Besides, healing is faster when you are close to your loved ones.

I have a lot of faith that Nana will overcome this and that she will be better. I may pray harder now, but I've never, never, never doubted my faith. I may, at one point, ask why this has to happen to her, of all people. But that's it. I never doubted His healing hand. He has given me and my family a lot of miracles and I am sure He will continue to do so.

Please continue to pray for Nana. That she may be healed and that she may stay strong.

Tuesday, July 8, 2008

Holland V !!!

(A long overdue post)

After staying in areas with exotic-sounding names (like Choa Chu Kang, Bukit Panjang, Jalan Rumah Tinggi), we now have an address that can be pronounced correctly by anyone hahaha. Babaw.

I am a product of a "lipat-bahay family". When we were young, we would always move from one apartment to another every year. But I never really learned the ropes of packing for a move. In fact, I really hate it. Even though I am excited about the move, I really wasn't looking forward to do those packing. Good thing, my hubby is a superman when it comes to these things. Plus the fact that some friends were there to help us out. I think the only stuff that I personally packed were my kitchen things and my books.

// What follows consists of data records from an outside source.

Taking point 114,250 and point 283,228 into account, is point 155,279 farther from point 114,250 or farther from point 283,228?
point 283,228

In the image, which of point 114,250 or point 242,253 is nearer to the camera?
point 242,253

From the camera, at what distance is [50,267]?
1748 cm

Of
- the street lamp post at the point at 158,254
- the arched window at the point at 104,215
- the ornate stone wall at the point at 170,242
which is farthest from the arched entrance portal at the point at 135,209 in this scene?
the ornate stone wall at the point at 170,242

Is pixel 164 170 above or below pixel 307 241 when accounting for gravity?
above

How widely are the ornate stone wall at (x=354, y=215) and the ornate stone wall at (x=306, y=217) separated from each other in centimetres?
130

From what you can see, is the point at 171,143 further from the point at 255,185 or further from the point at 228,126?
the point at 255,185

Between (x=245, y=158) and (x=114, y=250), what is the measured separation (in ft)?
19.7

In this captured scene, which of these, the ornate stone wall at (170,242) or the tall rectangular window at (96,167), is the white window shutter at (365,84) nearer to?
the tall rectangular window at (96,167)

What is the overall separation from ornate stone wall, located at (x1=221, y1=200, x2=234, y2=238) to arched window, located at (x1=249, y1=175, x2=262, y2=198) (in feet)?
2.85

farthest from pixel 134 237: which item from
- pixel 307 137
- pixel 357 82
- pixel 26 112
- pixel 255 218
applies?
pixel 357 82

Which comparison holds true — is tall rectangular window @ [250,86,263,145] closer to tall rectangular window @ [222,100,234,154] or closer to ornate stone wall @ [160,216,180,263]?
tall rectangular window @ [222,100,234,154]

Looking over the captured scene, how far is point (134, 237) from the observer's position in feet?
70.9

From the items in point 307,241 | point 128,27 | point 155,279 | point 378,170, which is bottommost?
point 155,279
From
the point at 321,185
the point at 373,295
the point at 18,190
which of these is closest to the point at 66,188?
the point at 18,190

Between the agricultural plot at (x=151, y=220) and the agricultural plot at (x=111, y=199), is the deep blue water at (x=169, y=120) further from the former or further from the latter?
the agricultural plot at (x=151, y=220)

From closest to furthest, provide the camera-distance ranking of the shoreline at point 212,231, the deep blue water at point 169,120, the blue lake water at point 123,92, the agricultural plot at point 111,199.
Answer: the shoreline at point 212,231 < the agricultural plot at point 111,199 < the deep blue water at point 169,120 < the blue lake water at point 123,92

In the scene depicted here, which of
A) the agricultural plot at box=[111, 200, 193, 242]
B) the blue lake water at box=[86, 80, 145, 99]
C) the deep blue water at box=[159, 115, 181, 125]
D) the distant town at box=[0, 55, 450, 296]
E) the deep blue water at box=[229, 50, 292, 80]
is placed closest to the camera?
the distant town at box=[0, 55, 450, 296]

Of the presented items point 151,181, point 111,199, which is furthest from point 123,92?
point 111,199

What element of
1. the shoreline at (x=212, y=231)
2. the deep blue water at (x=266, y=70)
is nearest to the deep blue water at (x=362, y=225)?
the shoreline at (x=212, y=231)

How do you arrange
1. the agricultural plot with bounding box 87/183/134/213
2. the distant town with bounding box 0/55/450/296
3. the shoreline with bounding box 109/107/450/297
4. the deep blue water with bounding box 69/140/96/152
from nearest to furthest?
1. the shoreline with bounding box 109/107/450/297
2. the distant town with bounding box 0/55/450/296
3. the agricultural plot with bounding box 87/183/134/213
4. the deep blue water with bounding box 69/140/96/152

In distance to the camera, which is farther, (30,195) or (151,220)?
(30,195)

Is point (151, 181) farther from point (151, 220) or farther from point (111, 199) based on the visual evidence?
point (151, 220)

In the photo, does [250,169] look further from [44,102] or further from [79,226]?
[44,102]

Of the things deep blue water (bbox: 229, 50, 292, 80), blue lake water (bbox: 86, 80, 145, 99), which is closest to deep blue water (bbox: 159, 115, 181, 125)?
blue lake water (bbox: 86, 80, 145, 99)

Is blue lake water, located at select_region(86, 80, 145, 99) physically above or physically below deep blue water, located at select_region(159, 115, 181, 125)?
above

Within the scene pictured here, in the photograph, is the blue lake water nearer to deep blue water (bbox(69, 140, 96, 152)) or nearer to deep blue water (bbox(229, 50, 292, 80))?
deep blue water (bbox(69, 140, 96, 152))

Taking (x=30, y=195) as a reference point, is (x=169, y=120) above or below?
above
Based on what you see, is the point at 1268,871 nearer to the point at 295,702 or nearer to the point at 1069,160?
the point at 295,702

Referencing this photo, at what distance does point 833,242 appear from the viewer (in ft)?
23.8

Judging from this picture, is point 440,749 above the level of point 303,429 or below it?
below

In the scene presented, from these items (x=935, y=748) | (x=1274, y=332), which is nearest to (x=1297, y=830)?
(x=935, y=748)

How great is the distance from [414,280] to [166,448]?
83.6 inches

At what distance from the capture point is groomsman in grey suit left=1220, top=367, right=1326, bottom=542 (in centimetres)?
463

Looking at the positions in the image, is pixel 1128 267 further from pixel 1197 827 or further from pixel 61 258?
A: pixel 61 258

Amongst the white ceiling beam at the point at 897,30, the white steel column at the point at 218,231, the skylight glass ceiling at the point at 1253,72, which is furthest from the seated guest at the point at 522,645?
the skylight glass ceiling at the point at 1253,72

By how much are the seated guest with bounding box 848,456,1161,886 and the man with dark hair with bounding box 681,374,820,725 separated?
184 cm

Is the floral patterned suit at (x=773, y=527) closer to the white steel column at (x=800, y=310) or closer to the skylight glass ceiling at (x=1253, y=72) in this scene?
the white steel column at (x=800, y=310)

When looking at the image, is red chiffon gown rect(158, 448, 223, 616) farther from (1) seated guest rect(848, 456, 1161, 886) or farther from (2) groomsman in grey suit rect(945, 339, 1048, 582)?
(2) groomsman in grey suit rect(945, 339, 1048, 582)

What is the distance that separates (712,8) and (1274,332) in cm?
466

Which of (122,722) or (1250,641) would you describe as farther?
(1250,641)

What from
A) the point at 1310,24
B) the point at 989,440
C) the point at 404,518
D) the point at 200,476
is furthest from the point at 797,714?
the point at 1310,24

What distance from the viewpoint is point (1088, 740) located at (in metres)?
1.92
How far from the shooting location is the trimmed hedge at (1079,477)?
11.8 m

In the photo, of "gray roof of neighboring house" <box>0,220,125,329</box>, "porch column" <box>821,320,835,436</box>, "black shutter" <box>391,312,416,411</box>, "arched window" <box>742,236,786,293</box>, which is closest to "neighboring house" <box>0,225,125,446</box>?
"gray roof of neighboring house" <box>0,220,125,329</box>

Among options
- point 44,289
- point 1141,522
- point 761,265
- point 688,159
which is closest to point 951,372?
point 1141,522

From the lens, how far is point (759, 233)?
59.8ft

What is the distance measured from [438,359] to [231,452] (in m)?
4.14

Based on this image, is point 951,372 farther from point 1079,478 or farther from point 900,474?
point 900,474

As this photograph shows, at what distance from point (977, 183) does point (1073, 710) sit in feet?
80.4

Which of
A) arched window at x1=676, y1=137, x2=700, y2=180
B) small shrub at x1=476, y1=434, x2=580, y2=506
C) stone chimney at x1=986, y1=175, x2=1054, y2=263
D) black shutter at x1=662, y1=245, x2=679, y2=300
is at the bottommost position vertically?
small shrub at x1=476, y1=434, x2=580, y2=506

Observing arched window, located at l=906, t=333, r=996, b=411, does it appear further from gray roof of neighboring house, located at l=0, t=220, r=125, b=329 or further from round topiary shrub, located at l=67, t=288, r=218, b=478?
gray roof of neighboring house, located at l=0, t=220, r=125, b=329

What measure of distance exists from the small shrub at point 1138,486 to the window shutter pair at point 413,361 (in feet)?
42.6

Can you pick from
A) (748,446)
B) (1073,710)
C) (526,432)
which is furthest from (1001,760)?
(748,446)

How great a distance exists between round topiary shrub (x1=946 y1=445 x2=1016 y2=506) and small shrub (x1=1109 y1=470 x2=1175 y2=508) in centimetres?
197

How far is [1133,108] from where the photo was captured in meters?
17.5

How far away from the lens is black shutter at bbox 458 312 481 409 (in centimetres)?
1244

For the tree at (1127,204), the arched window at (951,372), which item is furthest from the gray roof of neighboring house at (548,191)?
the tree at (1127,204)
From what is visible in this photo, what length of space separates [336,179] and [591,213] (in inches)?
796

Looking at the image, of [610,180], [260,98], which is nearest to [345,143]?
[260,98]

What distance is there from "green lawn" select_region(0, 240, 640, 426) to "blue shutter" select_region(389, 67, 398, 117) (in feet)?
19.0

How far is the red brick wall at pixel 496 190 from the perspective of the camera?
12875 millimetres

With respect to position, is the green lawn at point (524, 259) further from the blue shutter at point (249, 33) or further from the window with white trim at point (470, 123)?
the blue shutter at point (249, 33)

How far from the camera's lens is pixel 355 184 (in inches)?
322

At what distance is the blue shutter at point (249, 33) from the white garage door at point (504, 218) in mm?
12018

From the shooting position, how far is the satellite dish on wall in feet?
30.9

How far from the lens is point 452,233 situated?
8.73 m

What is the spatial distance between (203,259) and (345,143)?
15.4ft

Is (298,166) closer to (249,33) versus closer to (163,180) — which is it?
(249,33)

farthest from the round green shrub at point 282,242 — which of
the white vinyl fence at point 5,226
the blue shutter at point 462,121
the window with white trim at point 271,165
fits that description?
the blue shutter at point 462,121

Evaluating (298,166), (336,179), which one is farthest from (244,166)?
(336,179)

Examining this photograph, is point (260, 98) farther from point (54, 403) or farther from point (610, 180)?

My simple goal for this move is not to rush the packing. Two weeks before our move, we started packing already. First, my books and those stuff that we don't really use on a daily basis. I went through my clothes and donated those that are still wearable but (haaay) can't fit me anymore. Then a day before the move, I packed my kitchen stuff. All the rest of our things, it was hubby who was in charge of packing them.

Hubby initially wanted to just rent a lorry (small truck) without the movers. He said that he and Joel can manage to carry the stuff just by themselves. But the night before our move, we saw all the boxes and realised that if they carry it on their own, they would have to go on MC for one week. Talk about four years of accumulated rubbish. Hahha.

It's almost a month now after the move, and I can say we've pretty much settled in our new place already. Our Holland V flat is not as spacious as the one in Choa Chu Kang, but we'll manage. But the kitchen is spacious, yehey! It's my favorite tambayan in the house!

I love the fact that across from us is a 24-hour Cold Storage, a street of bars, pubs, coffee shops and restos. For the past weeks, we go out drinking na nakapambahay lang. Hehehe e madalas naman kasi dun kami sa cheap lang umiinom kasi mahal ang alak dito--to quote Joel: tipirin mo na lahat dito pwera lang ang bisyo dahil sa mahal nya, di ka talaga makakatipid. So if we feel like going out to drink even late at night e ok lang cuz it's just a stone's throw away lang. Also, our place is just a 20-minute bus ride to Tanglin and Orchard. There's Royale Tanglin Golf Course that's just a few minutes away. Eye Lovet!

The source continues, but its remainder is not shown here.